Un 24 de noviembre, pero de 1859, Charles Darwin estrenaba su trabajo denominado “El Origen de las Especies: Del origen de las especies por medio de la selección natural, o la preservación de las razas favorecidas en la lucha por la existencia”, el libro que explicaría cómo la descendencia del hombre proviene desde los animales y no según una creación divina, como se entendía en aquellos años.
Entre los años 1832 y 1837, Darwin visitó el sur argentino y gran parte de Sudamérica para comprobar que había animales y seres vivos que eran diferentes que los que observaba en el Reino Unido, solo por el hecho de que se habían adaptado a condiciones climáticas y un entorno diferente.
Desde ese punto, comenzó a desarrollar la teoría de que los hombres no son una creación de Dios, sino que una etapa de la evolución de los seres humanos a lo largo de millones de años.
De allí vienen las especies: seres vivos adaptados a los diferentes ambientes y condiciones a lo largo del mundo. La teoría de Darwin sirvió de base fundamental para la biología moderna, inclusive para el descubrimiento, casi cien años después, de las estructura molecular que forma el ADN.

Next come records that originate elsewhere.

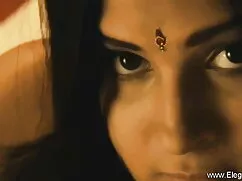 CHICAS LINDAS.ASIAN सेक्सी वीडियो मूवी फुल सैनिक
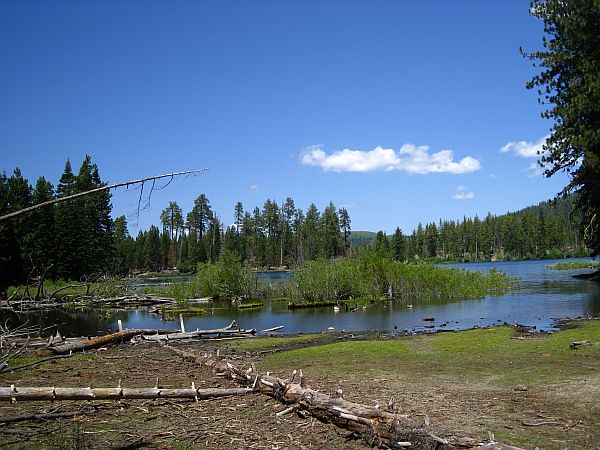 Manzanita Lake Manzanita Lake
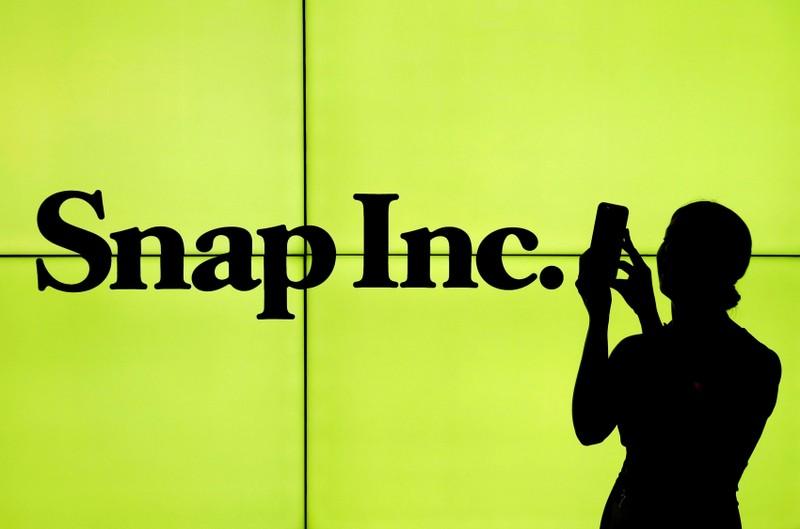 Snap loses daily users, beats on revenue as Saudi prince takes stake Snap loses daily users, beats on revenue as Saudi prince takes stake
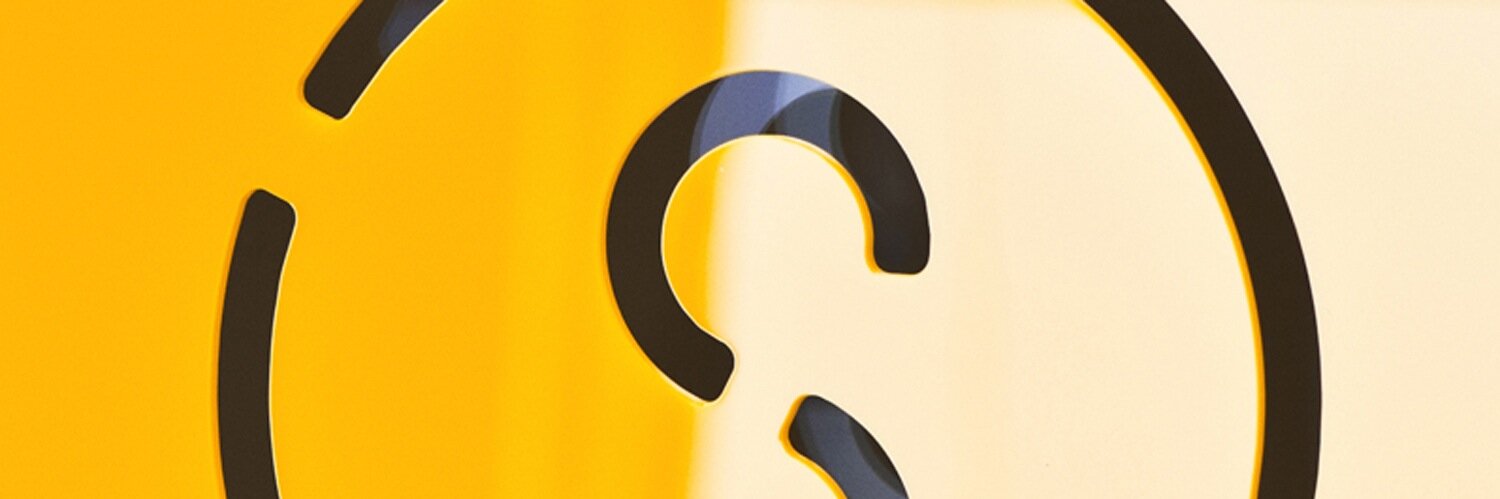 screaming colour banner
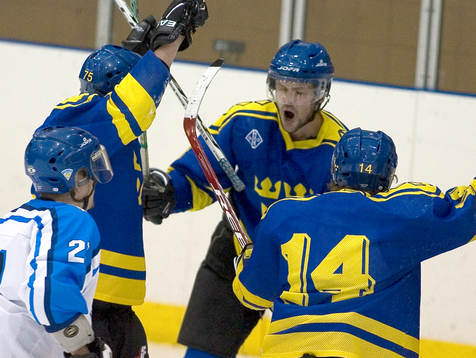 Christopher Edlund jubel sedan han reducerat till 1 - 4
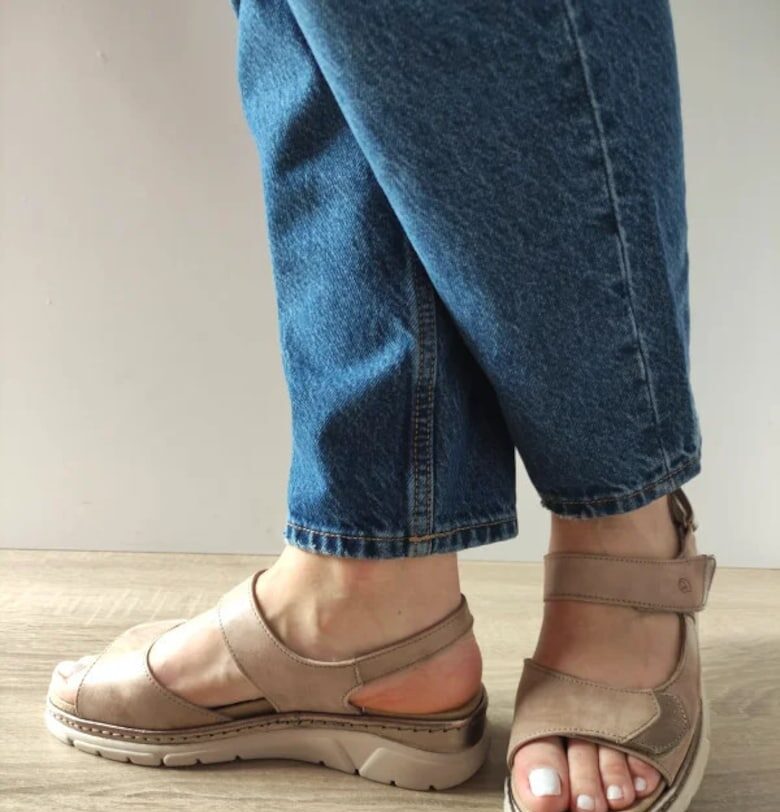 Ежедневни дамски сандали  12501Vt Mostar 03-N Бежов - Бежов - Бежов Suave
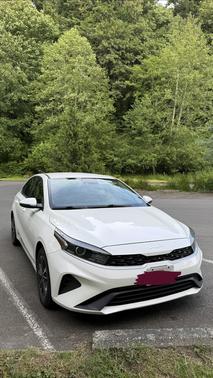 White 2023 Kia Forte LXS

En contrapartida a los avances de la ciencia que significó este descubrimiento del naturalista inglés, esta mala interpretación de la teoría de la evolución de las especies sirvió de justificativo para las numerosas guerras e invasiones que se llevaron adelante en el siglo XX.
El holocausto judío, las invasiones europeas en África, y todo tipo de movimientos que sentaban sus bases en el racismo se justificaron con el “darwinismo social”, la creencia de que solo los genes más aptos “purificarían” la especie humana, y que aquellos que no cumplían determinadas “condiciones genéticas” debían ser eliminados.